Wagner Dream: Buddhism from ancient India to Wales and England
Friday 14 June 2013, by
- Opening scene from Harvey’s Wagner Dream (June 2013, performed by the Welsh National Opera)
Before the opera begins, a solitary figure in white robes walks purposefully out on to stage from the right, turns onto a raised platform, and sits, facing slightly away from the audience.
This is how Wagner Dream, a modern British opera, begins. The opera is based in two worlds, that of 1883 Venice and the last day in the life of Richard Wagner, and 5th century India and the romantic entanglement of a young outcast woman and the Buddha’s cousin and chief attendant, Ānanda.
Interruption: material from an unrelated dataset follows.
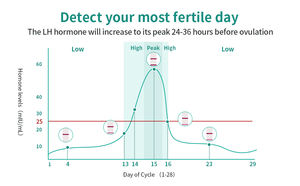 Carte de prédiction d'ovulation en une étape de haute précision 50 grands paquets bandelettes de test LH à usage domestique pour l'urine pour la détection de la grossesse - Product Image 6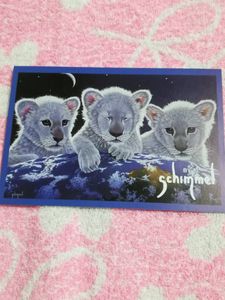 シムシメールのYahoo!オークション(旧ヤフオク!)の相場・価格を見る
The divide in time is rather creatively visualized, allowing both to exist on stage simultaneously by placing the scenes from Venice on a narrow strip of stage in front of (from the perspective of the audience) the orchestra pit. The scenes from ancient India, meanwhile, take place on and around the platform behind the orchestra. The divide is further accentuated by the Welsh National Opera’s director Pierre Audi’s decision to have the sung dialogue of the Buddhists placed in Pali, which is commonly described as the language of the Buddha, but is actually a term meaning ‘text’ – referring to the recorded teachings of the Buddha and his disciples. Meanwhile the spoken dialogue of Wagner and friends is in German. Surtitles (supertitles) translate both above the stage in English and Welsh. The use of the two languages helps move the audience both out of their own world and into the lives of the characters on the stage.
As you would guess, this is a bit of a niche opera. Four languages, three time periods (if you include the very modern use of minimalist stage sets and electronic sound effects), and the clashing of two very distant cultures as a 19th century German composer encounters ancient Indian ideas and stories. Again we might add our own time period as a third culture, in some ways as distant from Wagner as he finds himself from the Buddha. And, to further complicate things, the story that was placed in Pali itself comes from Eugene Burnouf’s 1844 work, “Introduction à l’Histoire du Buddhisme Indien” (recently translated into English here), which is based on a Sanskrit text, the Divyāvadāna (Divine Stories) an anthology of Buddhist tales dating to around the 2nd Century CE.